La cour n’était pas en mesure de se montrer bien sévère envers Lesdiguières, car, au moment même où il s’apprêtait à combattre à côté du duc de Savoie, il était sollicité par les princes rebelles, qui étaient réunis à Mézières, le duc de Nevers, le duc de Vendôme et le duc de Bouillon. L’Espagne le sollicitait également ; pendant qu’il était à sa maison de Vizille, un gentilhomme bourguignon demanda à le voir et il lui offrit, de la part du roi d’Espagne, des subsides avec lesquels il pourrait entretenir une forte armée pour prendre la Savoie, dont on lui promettait l’investiture, à la condition qu’il laissât le Piémont aux Espagnols. Le maréchal, très surpris, répondit que l’offre d’une couronne ne lui ferait rien faire de contraire à son devoir et à son honneur, et fit reconduire l’émissaire hors du château.
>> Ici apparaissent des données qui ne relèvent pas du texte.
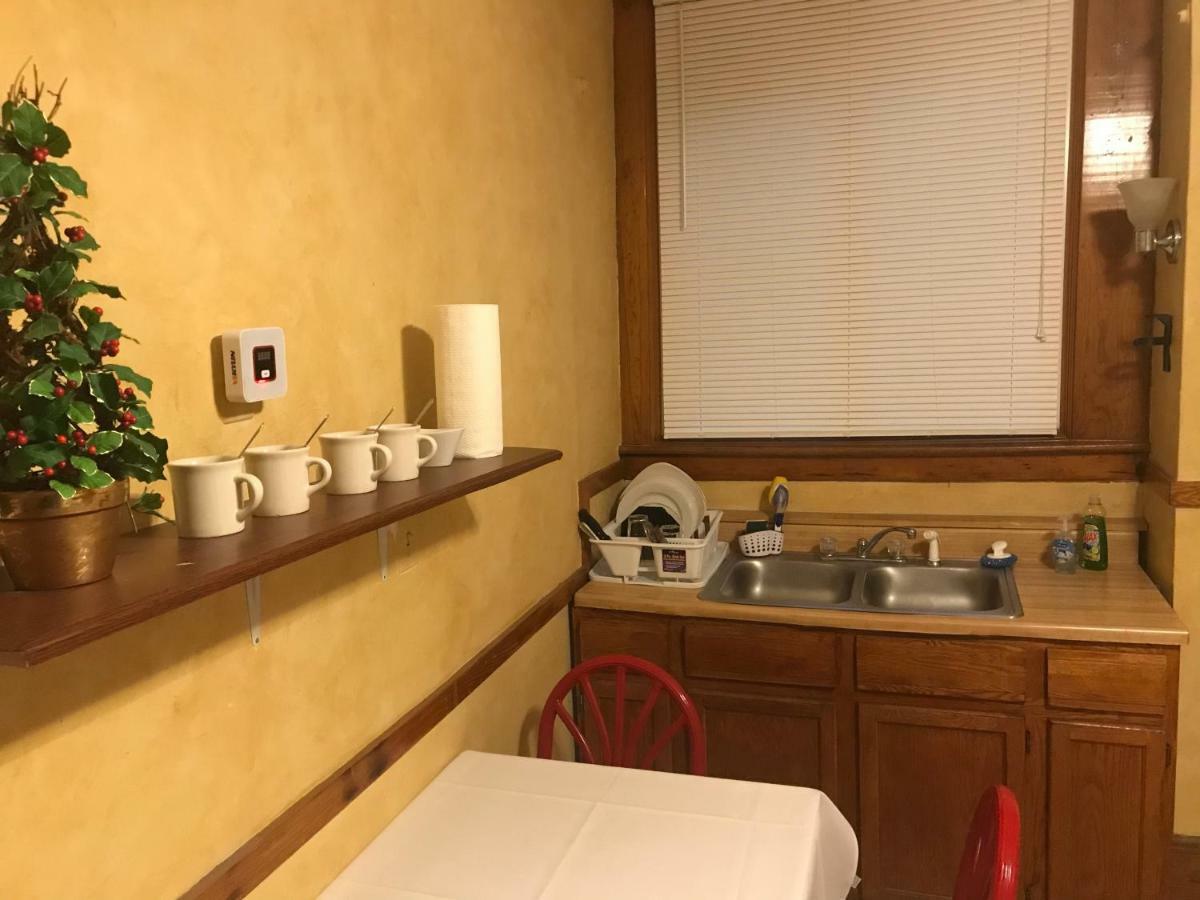 Homestay Little Italy Cleveland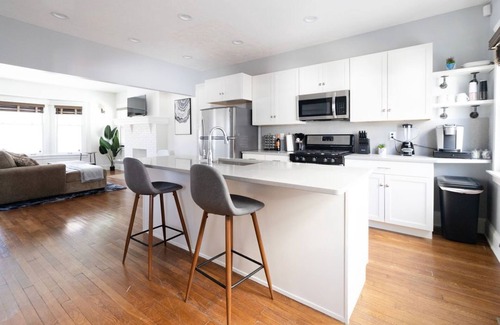 Hough House | Movie Theater Gem Near Cleveland Clinic & CWRU!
Malgré les défenses du roi, les remontrances du parlement de Grenoble, le maréchal terminait ses préparatifs : il se mit en route le 19 décembre, « et comme sa résolution, dit Vidal, estoit de faire un grand effort pour mettre d’abord les Espagnols à la raison, il avait rempli ses troupes de quantité de vieux capitaines et de soldats dont il pouvait s’asseurer; sa compagnie de gens d’armes, pleine d’un grand nombre de noblesse et de braves hommes, la plupart capables de commander, estoit particulièrement en si bon estat, avec ses deux compagnies d’arquebusiers à cheval, de cent hommes chacune, qu’on les pouvait appeller ses deux bras. » Il arriva à Turin le 3 janvier 1617, et, joignant ses troupes à celles du duc, il fit reculer les forces espagnoles et les réduisit à la défensive.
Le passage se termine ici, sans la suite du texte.